Gli arresti vennero decisi dopo che l’1 marzo 1980 era accaduto un fatto decisivo per l’intera vicenda. Quel giorno il ristoratore Alvaro Trinca e il fruttivendolo Massimo Cruciani fecero una denuncia alla Procura di Roma: i due sostenevano di esser stati truffati da 27 calciatori (22 di serie A, 5 di B) che dopo aver ricevuto da loro molto denaro per falsare i risultati di alcune partite non avrebbero rispettato i patti. A causa del loro comportamento, Trinca e Cruciani avevano contratto notevoli debiti con gli allibratori delle scommesse clandestine (il “Totonero”, appunto). Tutto era cominciato addirittura nel 1974, come poi avrebbe spiegato lo stesso Trinca: 
“La mia storia disgraziata comincia sei anni fa, nel 1974, quando in una stessa settimana venni avvicinato a più riprese da alcuni scommettitori clandestini: una volta vennero al mio ristorante “La Lampara”, un’altra mi diedero appuntamento in un bar sotto casa, una terza c’incontrammo a via Veneto. lo sapevo già da allora che intorno al calcio si muoveva un vorticoso giro di miliardi legato alle scommesse clandestine. Loro sapevano che ero amico di tanti calciatori, che Antognoni della Fiorentina, Giordano e Manfredonia della Lazio, Capello del Milan e altri ancora mi avevano invitato al loro matrimonio. Sapevano molte cose su di me e così non mi stupii quando questi signori, mostrandomi la loro schedina e le loro quote, mi invitarono a scommettere su una partita del campionato di calcio”. 

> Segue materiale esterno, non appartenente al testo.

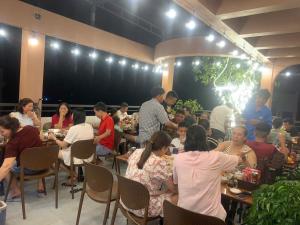 a group of people sitting at tables in a room at Hidden Green Hotel Tam Coc in Vũ Lâm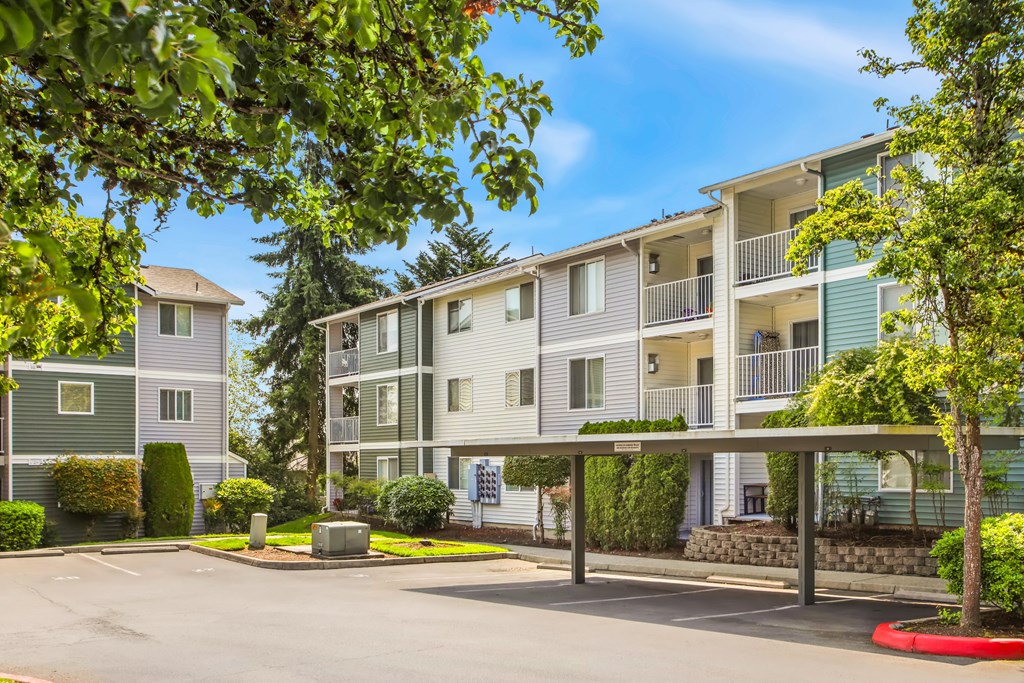 Apartment complex with green trees in front.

Per concludere questa nostra breve riflessione è interessante capire a distanza di tanti anni il ruolo di Claudio Lotito, espresso in suo scritto dal giudice Stefano Palazzi: 
Il presidente della Lazio Claudio Lotito per favorire una migliore posizione in classifica della sua squadra ha intessuto costanti e pressanti rapporti con rappresentanti dei vertici federali affinché questi esercitassero pressioni sui designatori arbitrali. Tali condotte in considerazione della posizione di preminenza di tutti i soggetti coinvolti nella vicenda avevano lo scopo di garantire a Lotito i favori 
arbitrali necessari al raggiungimento del suo fine illecito sotto il profilo disciplinare. 

La confessione di Mazzini Il procuratore federale riporta testualmente quanto raccontato da Cosimo Maria Ferri ai giudici di Napoli: Qualche giorno dopo la partita Chievo Lazio o Lazio Chievo io parlai con il Mazzini, non so se telefonicamente o da vicino, e lui disse che aveva favorito la Lazio facendo designare un arbitro toscano che mi pare essere Rocchi... e ricordo di averne parlato con Lotito e ricordo pure che lui mi confermò, magari non in termini espliciti, che Rocchi aveva arbitrato la partita in favore della Lazio.